So, the significance of Zernike coefficients and their associated basis functions in adaptive optics lies in their ability to provide a robust framework for analyzing and correcting optical aberrations. This capability is especially vital in high-precision applications like laser scribing, where even minor deviations can lead to significant errors in material processing outcomes. Specifically, the Zernike coefficients (a set of orthogonal functions defined over a unit circle) quantify the contribution of each Zernike polynomial to the overall wavefront aberration. Each coefficient corresponds to a specific mode of aberration (e.g., tilt, defocus, astigmatism) and is computed from the measured wavefront data. The independence of these coefficients allows for a clear interpretation of how much each mode contributes to the total root-mean-squared (RMS) wavefront error.

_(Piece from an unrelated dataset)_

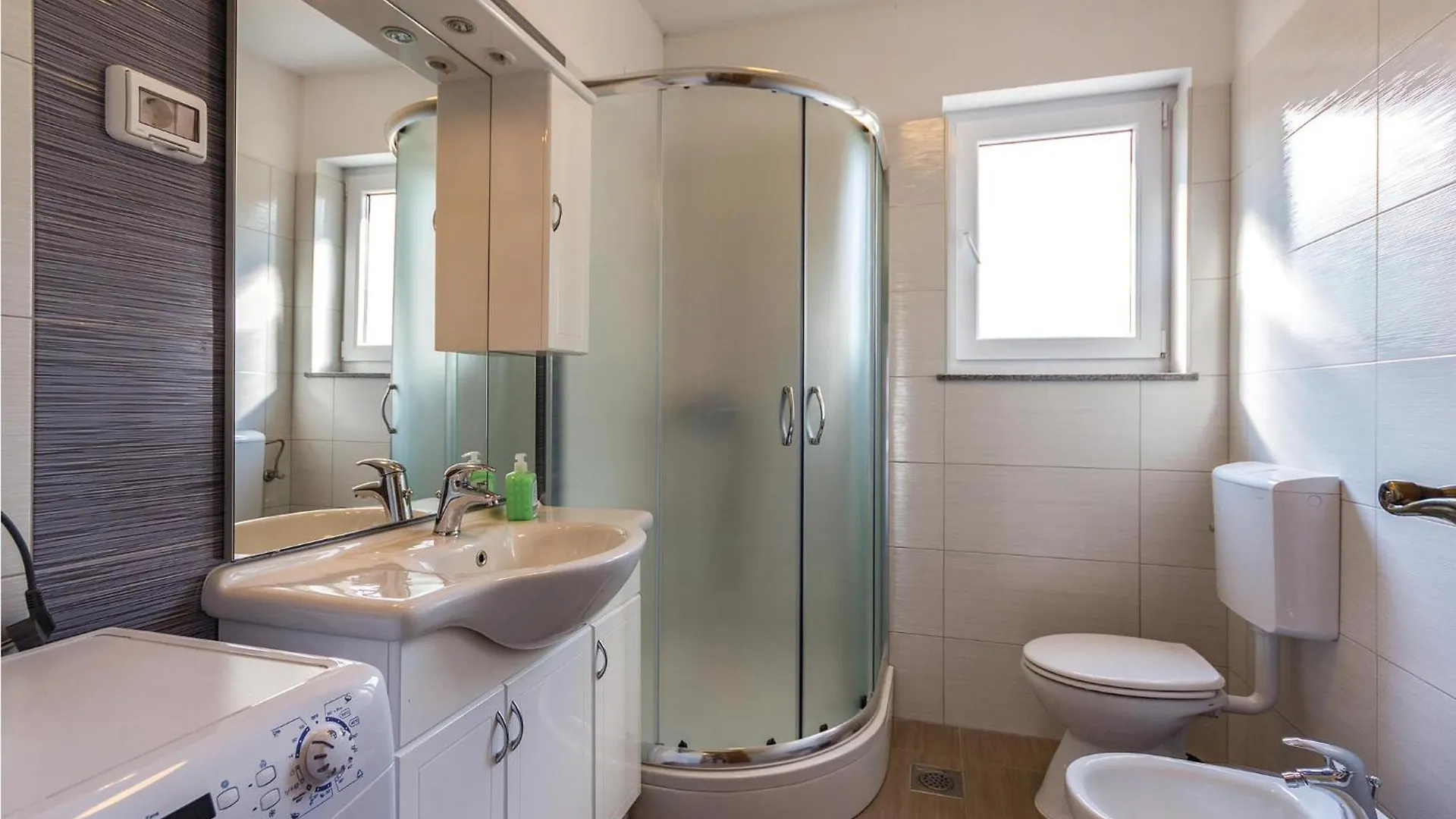 Сasa de vacaciones Beautiful Home In Butkovici With Wifi
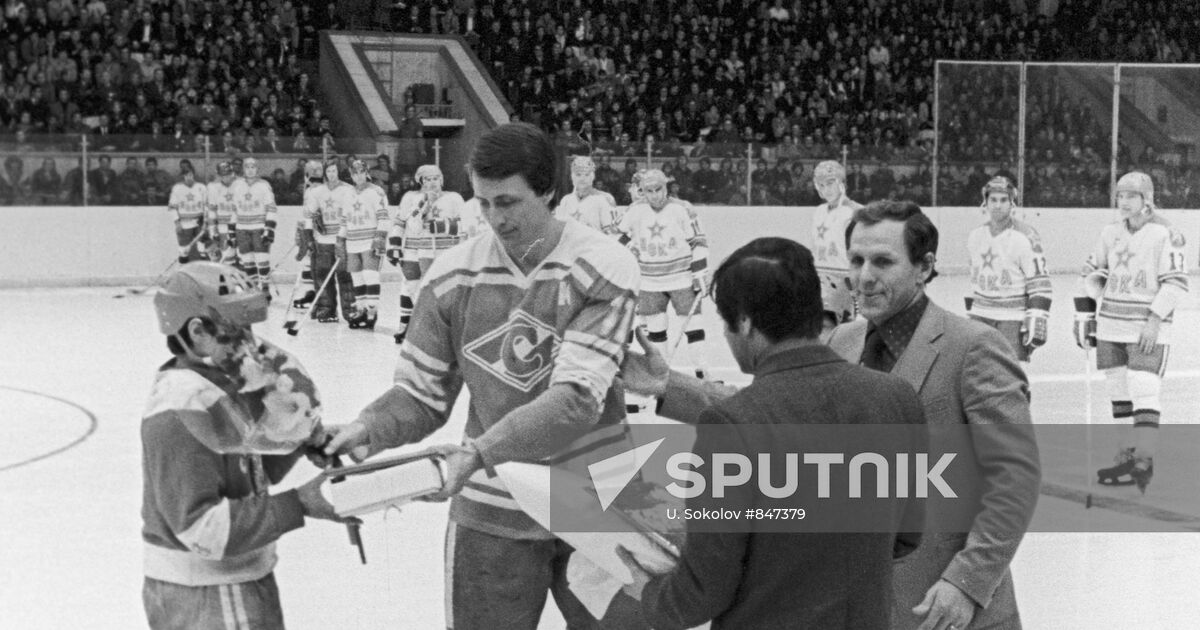 Hockey player Alexander Yakushev | Sputnik Mediabank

Higher-magnitude coefficients indicate greater contributions to optical performance degradation, which is critical in applications like laser scribing where precision is paramount. Ultimately, the basis functions $z_m(r,\theta )$ derived from Zernike polynomials serve as mathematical tools for reconstructing wavefronts. In adaptive optics systems, these functions can be employed to model and correct distortions in real-time. The orthogonality of these functions ensures that they can effectively represent complex wavefront shapes without redundancy, allowing for efficient computation and in-time correction strategies during laser processing to obtain products with sub-micron resolutions.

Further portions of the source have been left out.